→ **Work request**:
All that should be output is the block of lines below from the line with "哪种刘海显脸小？明星最爱的c形刘海当然是首选" to the line with "919 N Undergrove Way Aurora CO 80018", both included, exactly as written.

→ **Exercise data**:
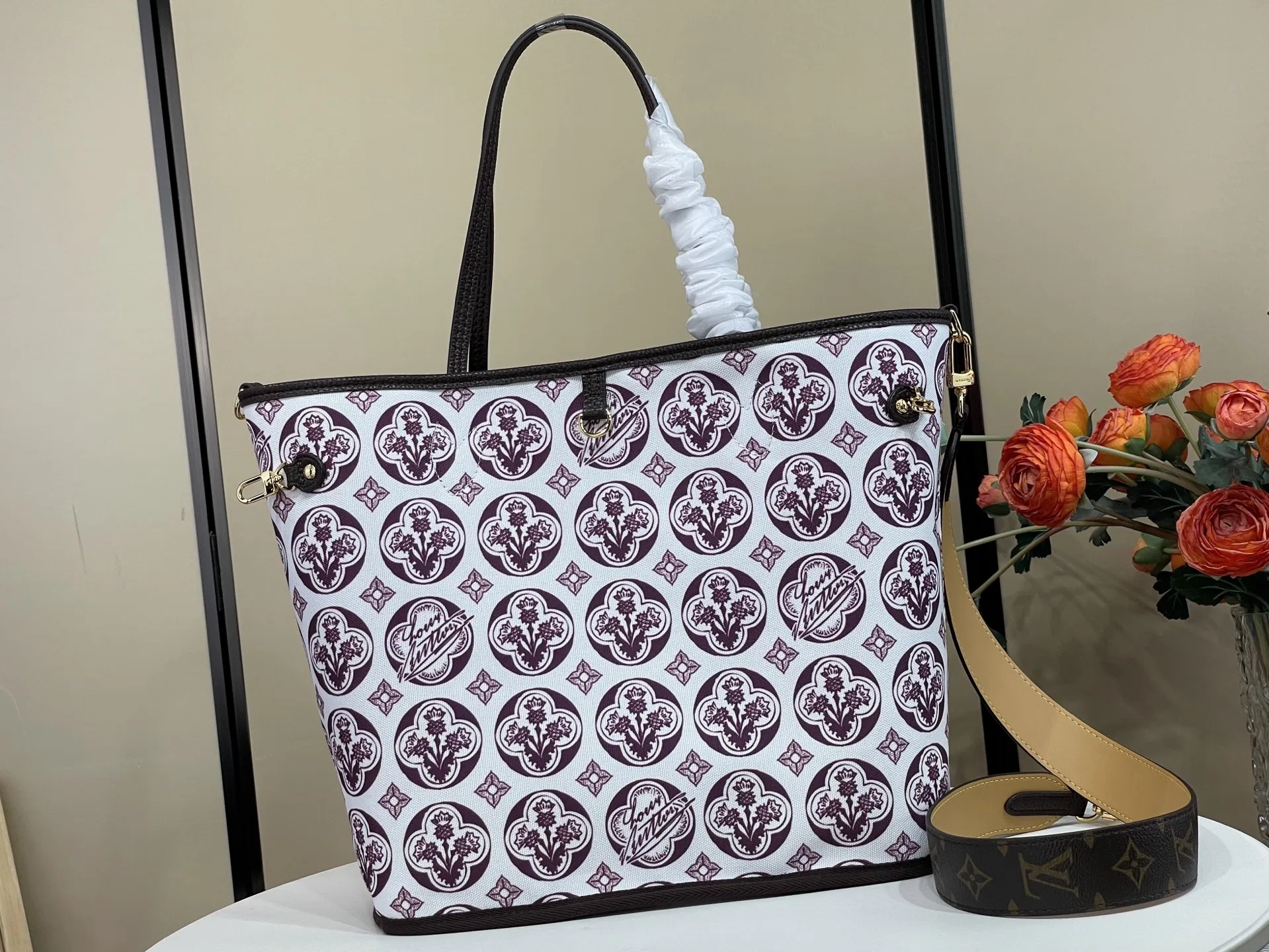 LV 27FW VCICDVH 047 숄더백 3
--
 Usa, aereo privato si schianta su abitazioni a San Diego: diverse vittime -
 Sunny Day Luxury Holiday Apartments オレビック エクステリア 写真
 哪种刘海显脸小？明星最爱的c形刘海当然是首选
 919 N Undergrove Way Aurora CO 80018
* * *
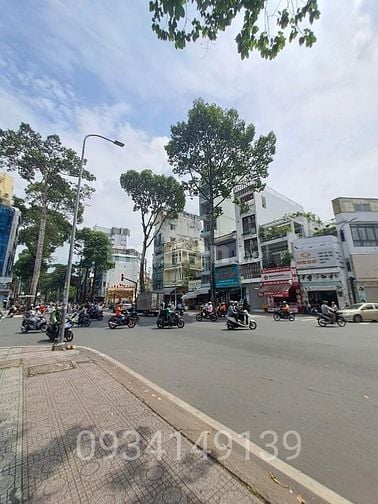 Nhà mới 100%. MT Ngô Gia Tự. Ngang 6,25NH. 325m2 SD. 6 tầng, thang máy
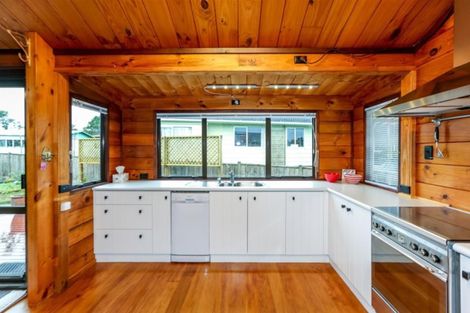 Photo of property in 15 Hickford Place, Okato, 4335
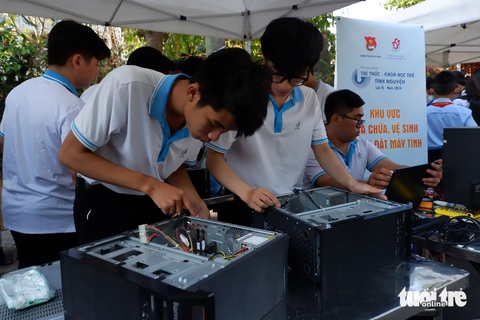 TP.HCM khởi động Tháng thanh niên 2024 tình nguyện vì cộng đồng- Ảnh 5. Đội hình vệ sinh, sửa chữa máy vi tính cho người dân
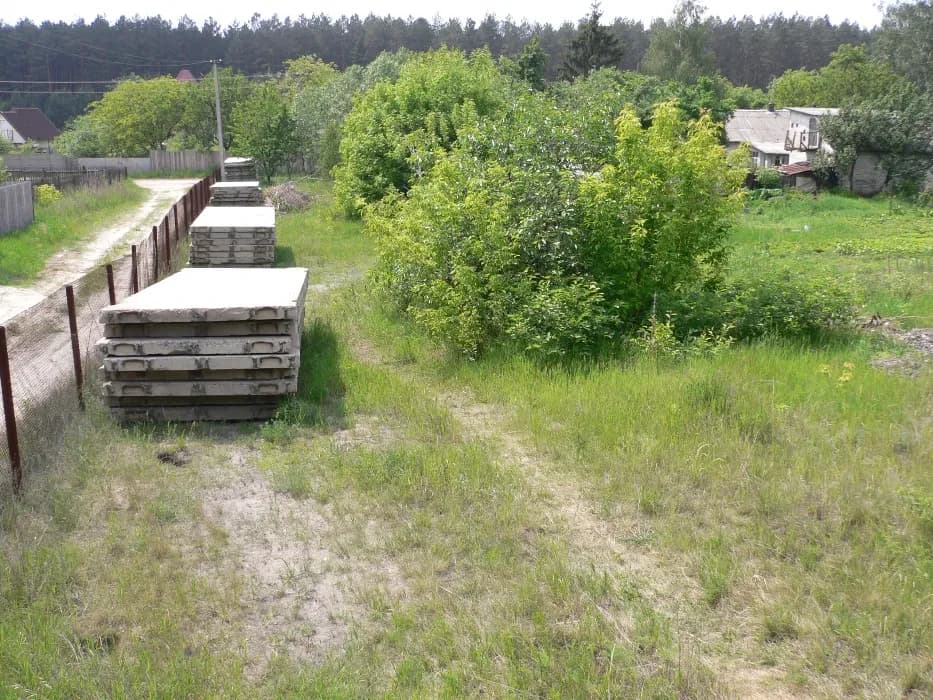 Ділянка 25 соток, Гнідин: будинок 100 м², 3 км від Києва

→ **Expected output**:
 哪种刘海显脸小？明星最爱的c形刘海当然是首选
 919 N Undergrove Way Aurora CO 80018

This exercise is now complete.